Las memorias de Luis de Carvajal son también el relato de la fundación de un país que, desde el siglo XVI, dispuso la erradicación de la disidencia. La Inquisición persiguió, hasta exterminar, a los viajeros que por error creyeron en la oportunidad que el Nuevo Mundo podría brindarles para practicar la ley mosaica.
Fue dentro del calabozo donde el joven Luis confió a un compañero de celda su secreto. Con los sentidos debilitados por el hambre y el encierro confesó que, antes de ser detenido, había escondido el pequeño cuaderno bajo las tejas del techo donde moraban su madre y sus hermanas. Al día siguiente, el depositario de esa intimidad corrió donde los carniceros para denunciar la existencia y la ubicación de las páginas que servirían como prueba definitiva para condenar al reo.

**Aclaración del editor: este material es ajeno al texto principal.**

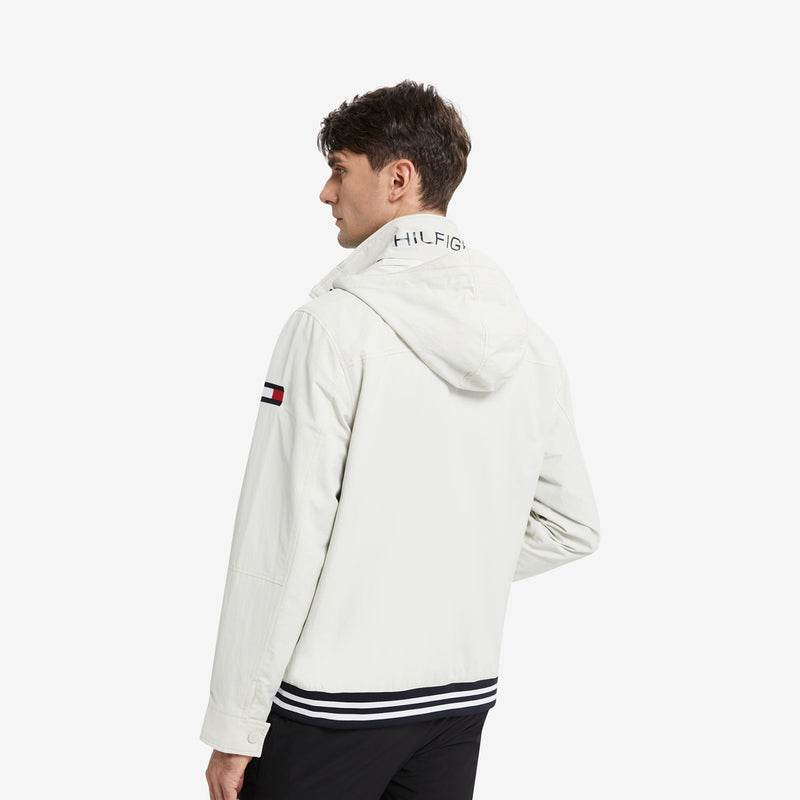 Ветровка мужская Tommy Hilfiger - Boxette Shop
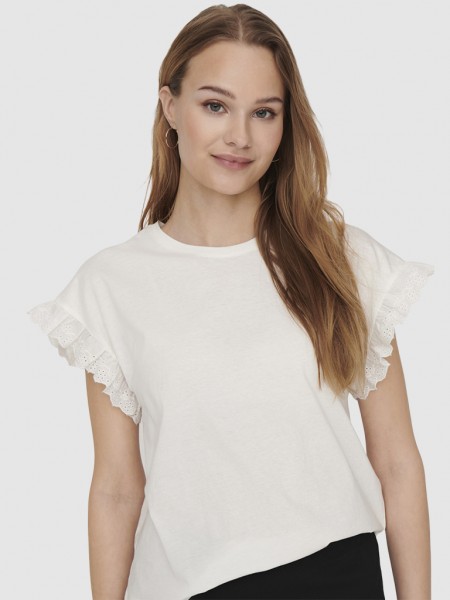 Blusa Mujer Only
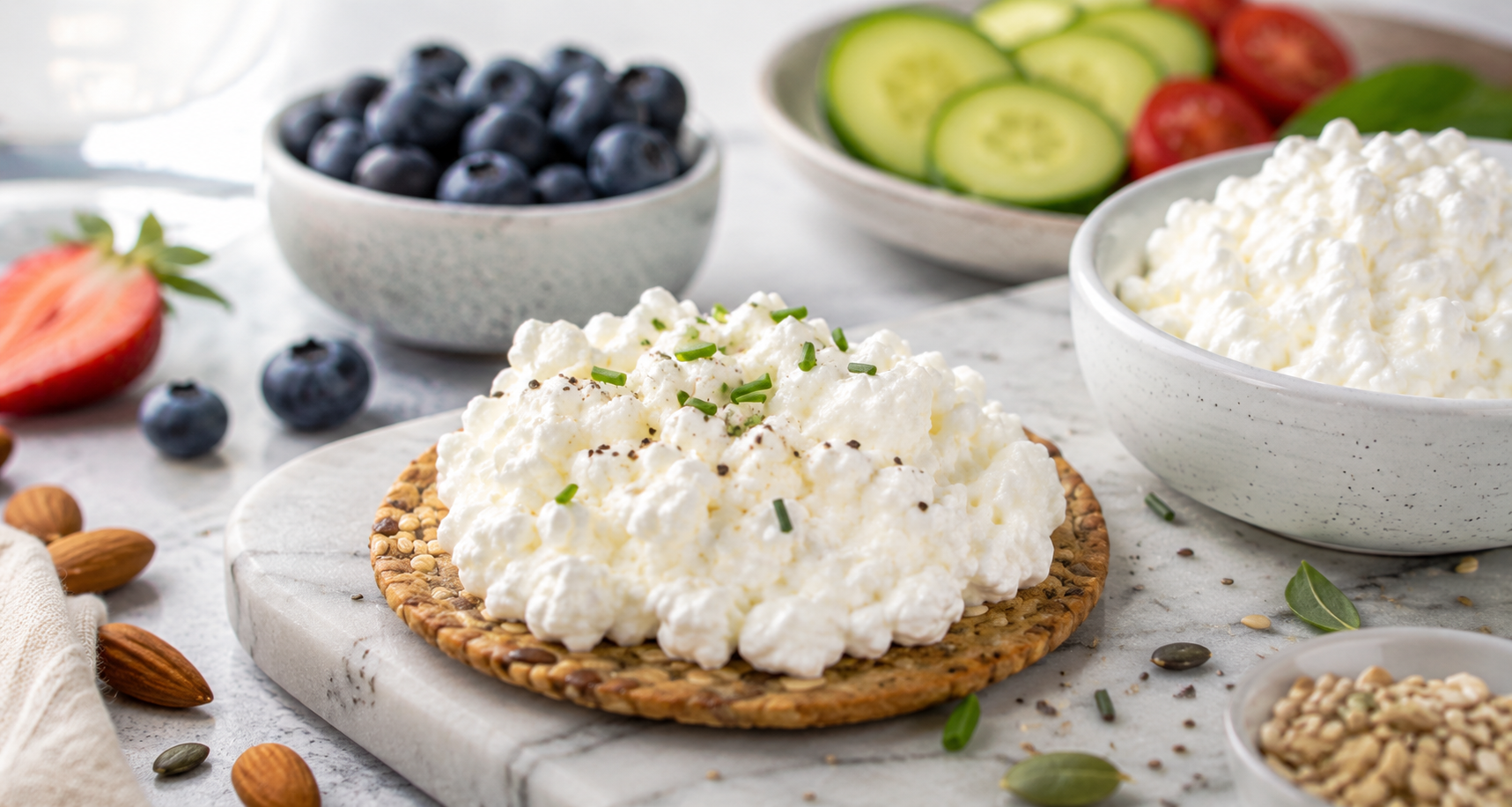 cottage cheese trends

Una vez que el fiscal inquisidor Lobo Guerrero expuso la evidencia, Luis de Carvajal decidió mostrar sin máscaras la convicción de su conciencia. Bien sabía que por esa confesión terminaría sus días con el cuello atado a una estaca. Pero el Santo Oficio no frenó en esta orilla el río de su maldad. Antes de condenar al joven lo torturó hasta extraer de su garganta acusaciones en contra de sus seres más queridos. Ese testimonio sirvió para que su madre y varias de sus hermanas le acompañaran en el espectáculo incendiario que borraría, ante el ánimo eufórico de la muchedumbre, las cenizas de aquellas víctimas.

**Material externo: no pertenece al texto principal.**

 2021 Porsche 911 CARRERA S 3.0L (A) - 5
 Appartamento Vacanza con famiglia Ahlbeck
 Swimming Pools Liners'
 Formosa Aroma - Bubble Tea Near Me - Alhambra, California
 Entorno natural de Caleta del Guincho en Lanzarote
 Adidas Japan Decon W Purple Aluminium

La existencia del librito de Carvajal no compensa el dolor sufrido y sin embargo permitió que la evocación heroica del autor viajara hasta nuestros días.
Es en este punto donde conecta un texto con el otro. No hay lugar en este país es un conjunto de relatos editado por la escritora Brenda Navarro y publicado esta semana por Fundar. Tiene un objetivo parecido: salvar del olvido la vida de trece familias cuyo común denominador fue haber sido marcadas por la tragedia de un ser querido que desapareció.
Barbara, Carmen, Martha, Laura, Emmanuel, Guadalupe, Edith, Tania, Paulina, Tita, Erika, Blanca y José son la madre, la hermana, el padre o la hija de las víctimas contemporáneas de la exterminación. Voces todas que decidieron resistir gracias al relato espiritual de su naufragio transcrito sobre el papel.
Sin ninguna piedad, también la inquisición moderna ha querido negar su respectivo dolor. Familias dedicadas a buscar mientras enfrentan un oficio nada santo y muy mezquino que afirma la exageración de un hecho — las desapariciones— como supuestamente manipulado por los detractores de la fe contemporánea.
Con todo, las madres buscadoras han sido tremendamente tenaces. Laura escribe: “Mi nieto se quedó sin su mamá, yo me quedé sin mi hija, mis compañeras sin sus familias, pero nos tenemos a nosotras. Por ahora, eso nos sostiene”. Guadalupe añade: “Quiero que se resignifique la vida de nuestros hijos, padres, esposos, hermanos y que resurjamos todos de las cenizas”.
José concluye: “es difícil contar esto porque cada que lo hago vuelvo a sentir el mismo dolor, la rabia, la impotencia … Esto es real, lo hemos vivido nosotros”.
Hoy sábado diez de mayo, como sucede desde hace trece años, las familias buscadoras marcharán a partir del monumento a la Madre. Sin saberlo, cruzarán cerca de la antigua Plaza del Quemadero. Sus pasos son el otro trazo de una página de la historia mexicana que reclama un lugar para quienes no lo han conseguido. La paz que se escabulle por la injusticia y la letra que sirve, si no como cura, sí como antídoto contra la insoportable desmemoria.